Ochrona w budynku to niezbędny atut nieruchomości dla połowy osób szukających mieszkania. W nowym budownictwie pilnowanie porządku przez wynajętych stróży lub przynajmniej instalowanie kamer to standard. Ochrona jest coraz popularniejszym rozwiązaniem także w kamienicach, ale w wielkiej płycie to wciąż rzadkość.
Nie tylko w nowym budownictwie
- W nowym budownictwie zazwyczaj ochrona znajduje się przy wjeździe na osiedle (w stróżówce). W starszych budynkach często nie ma żadnej ochrony, albo ogranicza się do portiera przy wejściu do budynku- wymienia Jacek Stefański, kierownik oddziału Home Broker z Warszawy. Do tego w nowych inwestycjach standardem jest montowanie kamer lub budowa ogrodzenia. W starszych budynkach, o ile przeprowadzana jest modernizacja, częściej inwestuje się w kamery niż w ogrodzenie.

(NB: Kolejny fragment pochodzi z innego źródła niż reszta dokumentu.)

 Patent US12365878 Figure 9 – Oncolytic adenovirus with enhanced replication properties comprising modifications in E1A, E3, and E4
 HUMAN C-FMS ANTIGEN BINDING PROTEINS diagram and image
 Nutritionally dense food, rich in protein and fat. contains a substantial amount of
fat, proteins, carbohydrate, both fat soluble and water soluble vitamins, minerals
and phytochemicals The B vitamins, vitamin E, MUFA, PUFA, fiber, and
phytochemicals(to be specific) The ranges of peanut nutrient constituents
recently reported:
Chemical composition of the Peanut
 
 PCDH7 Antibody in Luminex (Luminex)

Powodem są znacznie niższe koszty. - Nie możemy zapomnieć, że jednorazowa inwestycja w ogrodzenie, kraty, czy kamery to nie wszystko. Aby system ochrony był skuteczny, potrzebujemy też osób, które będą czuwały nad jego prawidłowym działaniem, co generuje comiesięczne koszty – mówi Jarosław Majka, doradca Home Broker z Warszawy.
Jakość ochrony wyznacznikiem standardu
Na zastosowane rozwiązania wpływa też standard osiedla. Według Jarosława Majki, w przypadku apartamentowców i osiedli o podwyższonym standardzie najchętniej wybieraną formą jest połączenie kamer i recepcji. Stróżówka i ogrodzenie nie zawsze sprawdzają się w tym segmencie rynku. Prowadzenie ewidencji wjeżdżających pojazdów ma sens w przypadku osiedli stawianych na większym terenie, a więc przeważnie poza ścisłym centrum.
„Oaza spokoju” nie tylko dla mieszkańców
Na obecność ochrony na danym osiedlu zwracają uwagę przede wszystkim młode rodziny. Częściej niż zwykle pytanie takie pada na terenie dzielnic postrzeganych jako niebezpieczne. I choć dla wielu potencjalnych kupujących ochrona jest kwestią kluczową przy wyborze konkretnej inwestycji lub osiedla, to trzeba też pamiętać o zagrożeniach wynikających z nieefektywnej ochrony. - W opinii wielu policjantów teren zamknięty może stać się idealnym miejscem dla złodziei. Patrol straży miejskiej czy policji zazwyczaj nie monitoruje tego terenu, co niestety daje większe możliwości spokojnego działania przestępców – tłumaczy Jarosław Majka.